Vol. 14 Issue. 2 PP. 186-197, (2024)

Trustworthy-Based Authentication Model with Intrusion Detection for IoT-Enabled Networks with Deep Learning Algorithm

M. Rajendiran , Jayanthi .E , Suganthi .R , M. Jamuna Rani , S. Vimalnath

In the burgeoning field of the Internet of Things (IoT), ensuring secure and trustworthy communication between devices is paramount. This paper proposes a novel Trustworthy-Based Authentication Model (TBAM) integrated with Intrusion Detection Systems (IDS) leveraging deep learning algorithms to secure IoT-enabled networks. The proposed model addresses the dual challenges of authenticating legitimate devices and detecting malicious intrusions.

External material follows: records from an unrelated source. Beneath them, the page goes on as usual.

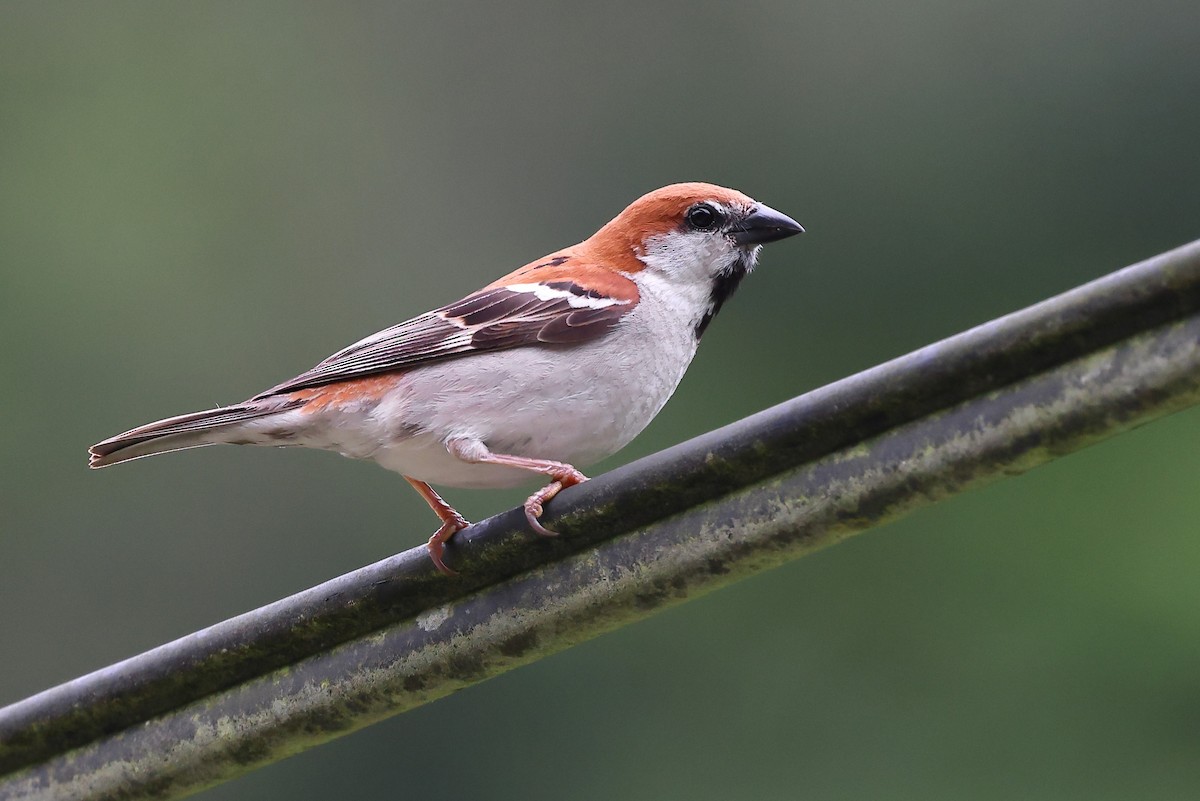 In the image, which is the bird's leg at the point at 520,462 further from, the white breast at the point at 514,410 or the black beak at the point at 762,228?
the black beak at the point at 762,228

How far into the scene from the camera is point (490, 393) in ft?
12.3

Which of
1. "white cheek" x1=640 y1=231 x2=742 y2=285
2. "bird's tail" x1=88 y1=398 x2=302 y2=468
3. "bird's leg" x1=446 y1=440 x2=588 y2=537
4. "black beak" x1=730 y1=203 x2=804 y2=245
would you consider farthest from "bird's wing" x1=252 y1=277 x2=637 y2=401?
"black beak" x1=730 y1=203 x2=804 y2=245

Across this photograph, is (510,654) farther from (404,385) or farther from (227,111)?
(227,111)

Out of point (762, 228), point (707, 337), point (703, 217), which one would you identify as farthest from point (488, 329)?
point (707, 337)

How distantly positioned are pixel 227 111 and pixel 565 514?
15.9 m

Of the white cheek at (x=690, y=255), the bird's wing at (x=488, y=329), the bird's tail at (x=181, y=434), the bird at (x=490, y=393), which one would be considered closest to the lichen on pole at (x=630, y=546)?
the bird at (x=490, y=393)

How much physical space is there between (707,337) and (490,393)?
875 centimetres

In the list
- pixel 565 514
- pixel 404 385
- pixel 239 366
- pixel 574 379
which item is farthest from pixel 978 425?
pixel 239 366

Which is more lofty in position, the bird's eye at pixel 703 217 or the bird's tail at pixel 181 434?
the bird's tail at pixel 181 434

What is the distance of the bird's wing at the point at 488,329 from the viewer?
387 cm

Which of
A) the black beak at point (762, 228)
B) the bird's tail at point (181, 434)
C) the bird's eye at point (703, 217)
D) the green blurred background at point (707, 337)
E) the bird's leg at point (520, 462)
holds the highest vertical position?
the bird's tail at point (181, 434)

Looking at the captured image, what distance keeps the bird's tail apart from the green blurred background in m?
5.77

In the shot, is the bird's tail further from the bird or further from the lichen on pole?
the lichen on pole

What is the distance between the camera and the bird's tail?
3.62 meters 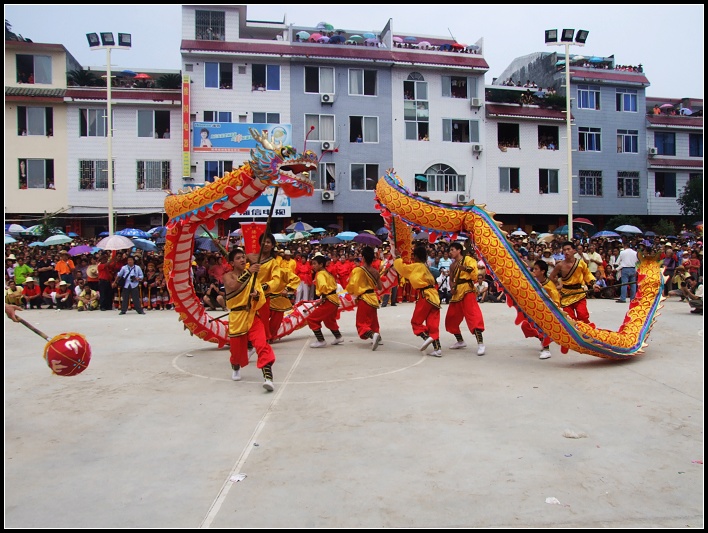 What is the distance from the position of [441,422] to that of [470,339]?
5.01 m

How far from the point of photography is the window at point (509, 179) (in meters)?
30.5

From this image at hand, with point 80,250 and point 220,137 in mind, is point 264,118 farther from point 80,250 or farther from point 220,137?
point 80,250

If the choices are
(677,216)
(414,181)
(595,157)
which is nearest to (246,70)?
(414,181)

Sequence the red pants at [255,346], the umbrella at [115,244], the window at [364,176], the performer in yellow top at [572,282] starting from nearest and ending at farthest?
the red pants at [255,346], the performer in yellow top at [572,282], the umbrella at [115,244], the window at [364,176]

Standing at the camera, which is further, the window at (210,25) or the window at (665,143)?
the window at (665,143)

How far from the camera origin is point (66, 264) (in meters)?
16.6

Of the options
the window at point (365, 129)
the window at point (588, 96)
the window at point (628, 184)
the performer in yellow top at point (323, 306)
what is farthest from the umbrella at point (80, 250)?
the window at point (628, 184)

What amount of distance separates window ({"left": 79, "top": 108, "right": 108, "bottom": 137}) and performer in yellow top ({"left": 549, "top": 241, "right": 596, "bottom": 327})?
24.1 meters

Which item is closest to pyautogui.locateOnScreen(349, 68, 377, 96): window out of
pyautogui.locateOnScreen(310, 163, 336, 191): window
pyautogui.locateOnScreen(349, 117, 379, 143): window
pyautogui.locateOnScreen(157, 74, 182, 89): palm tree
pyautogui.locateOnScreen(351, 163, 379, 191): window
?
pyautogui.locateOnScreen(349, 117, 379, 143): window

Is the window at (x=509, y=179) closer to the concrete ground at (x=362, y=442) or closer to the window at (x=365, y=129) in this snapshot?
the window at (x=365, y=129)

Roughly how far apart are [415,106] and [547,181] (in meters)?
8.12

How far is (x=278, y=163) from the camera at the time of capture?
7.74 metres

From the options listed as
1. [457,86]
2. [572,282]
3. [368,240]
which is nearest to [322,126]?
[457,86]

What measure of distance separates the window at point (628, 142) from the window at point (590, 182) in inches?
77.6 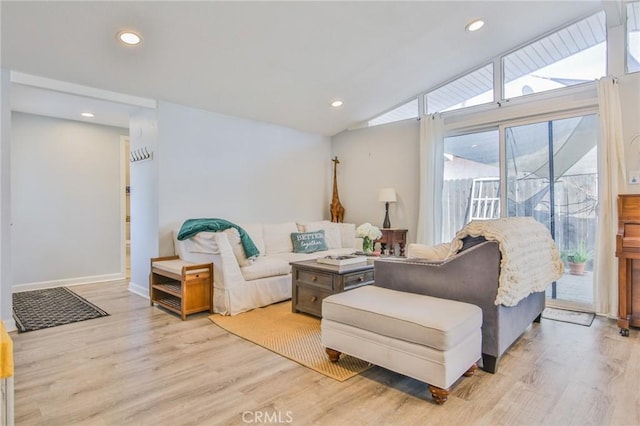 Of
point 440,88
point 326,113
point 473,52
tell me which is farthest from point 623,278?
point 326,113

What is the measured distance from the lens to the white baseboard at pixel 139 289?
424 cm

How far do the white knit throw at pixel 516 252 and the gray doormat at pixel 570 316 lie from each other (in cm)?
77

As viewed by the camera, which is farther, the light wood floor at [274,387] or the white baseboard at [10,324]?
the white baseboard at [10,324]

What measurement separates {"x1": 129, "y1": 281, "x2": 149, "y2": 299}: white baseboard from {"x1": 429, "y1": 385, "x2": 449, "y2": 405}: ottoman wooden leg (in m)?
3.52

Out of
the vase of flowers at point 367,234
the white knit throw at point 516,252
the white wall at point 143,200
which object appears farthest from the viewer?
the white wall at point 143,200

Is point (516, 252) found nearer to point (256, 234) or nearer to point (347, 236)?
point (256, 234)

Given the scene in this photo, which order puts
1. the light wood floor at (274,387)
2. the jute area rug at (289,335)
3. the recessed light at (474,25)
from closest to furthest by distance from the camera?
the light wood floor at (274,387)
the jute area rug at (289,335)
the recessed light at (474,25)

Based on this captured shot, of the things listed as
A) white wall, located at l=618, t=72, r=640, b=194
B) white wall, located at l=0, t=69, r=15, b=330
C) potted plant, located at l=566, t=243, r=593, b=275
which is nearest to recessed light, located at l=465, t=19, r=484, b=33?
white wall, located at l=618, t=72, r=640, b=194

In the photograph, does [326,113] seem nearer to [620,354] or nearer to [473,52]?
[473,52]

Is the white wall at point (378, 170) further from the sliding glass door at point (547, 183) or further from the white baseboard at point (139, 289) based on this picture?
the white baseboard at point (139, 289)

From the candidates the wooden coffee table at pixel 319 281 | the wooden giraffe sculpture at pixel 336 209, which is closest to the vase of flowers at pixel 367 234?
the wooden coffee table at pixel 319 281

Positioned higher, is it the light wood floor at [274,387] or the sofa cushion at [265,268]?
the sofa cushion at [265,268]

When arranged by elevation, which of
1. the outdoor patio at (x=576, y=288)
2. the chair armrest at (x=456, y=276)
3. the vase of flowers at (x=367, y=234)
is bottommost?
the outdoor patio at (x=576, y=288)

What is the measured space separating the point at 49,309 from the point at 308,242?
2915 mm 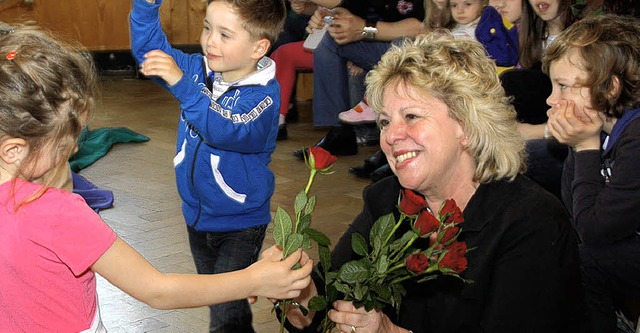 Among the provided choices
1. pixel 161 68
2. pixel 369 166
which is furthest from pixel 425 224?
pixel 369 166

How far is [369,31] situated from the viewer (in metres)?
5.54

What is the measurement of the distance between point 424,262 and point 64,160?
798 millimetres

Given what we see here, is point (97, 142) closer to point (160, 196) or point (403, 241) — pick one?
point (160, 196)

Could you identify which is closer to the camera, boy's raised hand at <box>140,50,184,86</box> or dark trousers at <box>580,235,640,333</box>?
boy's raised hand at <box>140,50,184,86</box>

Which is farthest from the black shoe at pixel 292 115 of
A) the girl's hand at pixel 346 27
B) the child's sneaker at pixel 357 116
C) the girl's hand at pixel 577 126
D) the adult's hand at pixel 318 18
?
the girl's hand at pixel 577 126

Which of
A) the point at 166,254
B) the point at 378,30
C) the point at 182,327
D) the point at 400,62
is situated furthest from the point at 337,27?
the point at 400,62

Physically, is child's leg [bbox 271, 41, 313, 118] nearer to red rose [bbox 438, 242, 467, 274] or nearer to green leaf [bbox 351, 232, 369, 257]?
green leaf [bbox 351, 232, 369, 257]

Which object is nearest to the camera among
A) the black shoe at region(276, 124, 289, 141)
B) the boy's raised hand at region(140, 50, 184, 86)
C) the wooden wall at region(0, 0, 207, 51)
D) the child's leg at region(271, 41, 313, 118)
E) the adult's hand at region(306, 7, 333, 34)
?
the boy's raised hand at region(140, 50, 184, 86)

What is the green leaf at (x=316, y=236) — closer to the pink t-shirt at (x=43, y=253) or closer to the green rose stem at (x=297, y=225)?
the green rose stem at (x=297, y=225)

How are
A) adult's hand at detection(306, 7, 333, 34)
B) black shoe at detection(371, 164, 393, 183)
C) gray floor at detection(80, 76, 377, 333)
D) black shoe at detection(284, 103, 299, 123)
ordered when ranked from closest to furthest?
gray floor at detection(80, 76, 377, 333), black shoe at detection(371, 164, 393, 183), adult's hand at detection(306, 7, 333, 34), black shoe at detection(284, 103, 299, 123)

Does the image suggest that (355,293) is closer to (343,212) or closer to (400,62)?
(400,62)

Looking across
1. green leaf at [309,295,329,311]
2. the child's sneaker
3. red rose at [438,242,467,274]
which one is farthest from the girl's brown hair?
the child's sneaker

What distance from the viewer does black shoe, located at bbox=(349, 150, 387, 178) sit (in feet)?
17.9

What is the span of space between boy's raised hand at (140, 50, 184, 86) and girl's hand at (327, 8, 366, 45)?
2.98 m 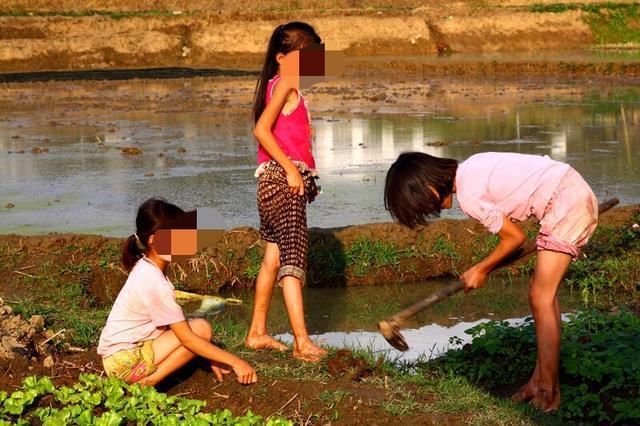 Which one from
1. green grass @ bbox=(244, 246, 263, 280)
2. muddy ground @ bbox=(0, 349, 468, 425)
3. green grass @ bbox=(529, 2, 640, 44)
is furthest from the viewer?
green grass @ bbox=(529, 2, 640, 44)

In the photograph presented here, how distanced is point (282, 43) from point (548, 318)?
1.83 meters

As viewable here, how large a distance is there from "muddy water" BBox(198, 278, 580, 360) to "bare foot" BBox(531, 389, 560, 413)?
111cm

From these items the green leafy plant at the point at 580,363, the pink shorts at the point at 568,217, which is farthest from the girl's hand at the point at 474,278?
the green leafy plant at the point at 580,363

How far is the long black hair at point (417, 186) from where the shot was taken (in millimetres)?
4953

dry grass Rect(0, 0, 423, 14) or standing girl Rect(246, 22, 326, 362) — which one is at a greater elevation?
dry grass Rect(0, 0, 423, 14)

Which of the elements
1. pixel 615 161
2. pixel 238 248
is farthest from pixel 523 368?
pixel 615 161

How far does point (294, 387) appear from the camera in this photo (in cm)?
500

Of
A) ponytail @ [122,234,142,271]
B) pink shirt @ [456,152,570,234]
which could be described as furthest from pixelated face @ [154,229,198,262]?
pink shirt @ [456,152,570,234]

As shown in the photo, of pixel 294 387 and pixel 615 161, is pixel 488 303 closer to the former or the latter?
pixel 294 387

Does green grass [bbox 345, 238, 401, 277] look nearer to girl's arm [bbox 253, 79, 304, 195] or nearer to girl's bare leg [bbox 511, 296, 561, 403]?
girl's arm [bbox 253, 79, 304, 195]

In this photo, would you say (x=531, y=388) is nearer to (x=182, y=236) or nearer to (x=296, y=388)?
(x=296, y=388)

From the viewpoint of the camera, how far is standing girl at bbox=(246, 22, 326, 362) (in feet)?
18.3

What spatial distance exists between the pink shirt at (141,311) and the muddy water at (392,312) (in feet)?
4.73

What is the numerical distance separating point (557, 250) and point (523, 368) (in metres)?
0.79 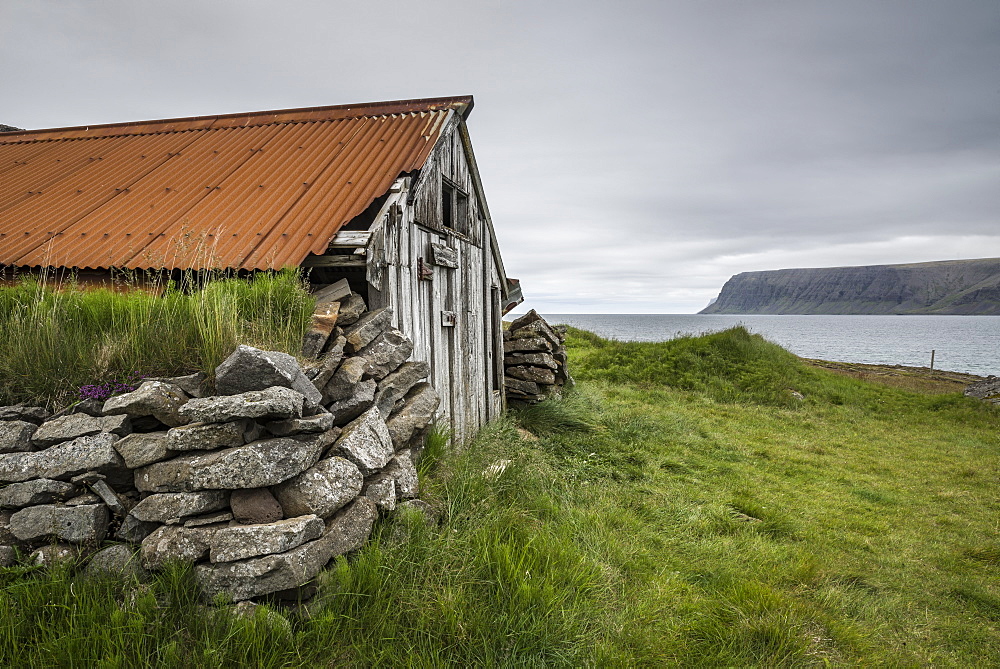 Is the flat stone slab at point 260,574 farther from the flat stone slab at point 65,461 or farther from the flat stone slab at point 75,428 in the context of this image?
the flat stone slab at point 75,428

Specifically, we employ a Convolutional Neural Network (CNN) to analyse network traffic patterns for intrusion detection, leveraging its prowess in feature extraction and classification. Additionally, a Long Short-Term Memory (LSTM) network is utilized for continuous monitoring and anomaly detection, capturing temporal dependencies in data flows that are indicative of potential security threats. The authentication mechanism integrates a trust evaluation system that assigns trust scores to devices based on their behaviour, enhancing the model's capability to distinguish between trusted and malicious entities. Our extensive experiments on real-world IoT datasets demonstrate that the TBAM significantly outperforms traditional security models in terms of detection accuracy, false-positive rate, and computational efficiency. Specifically, our model achieves a detection accuracy of 98.7%, a false-positive rate of 1.2%, and a processing time reduction of 30% compared to baseline models. This work contributes a robust, scalable, and efficient solution to the pressing security concerns in IoT networks, paving the way for more secure and reliable IoT applications.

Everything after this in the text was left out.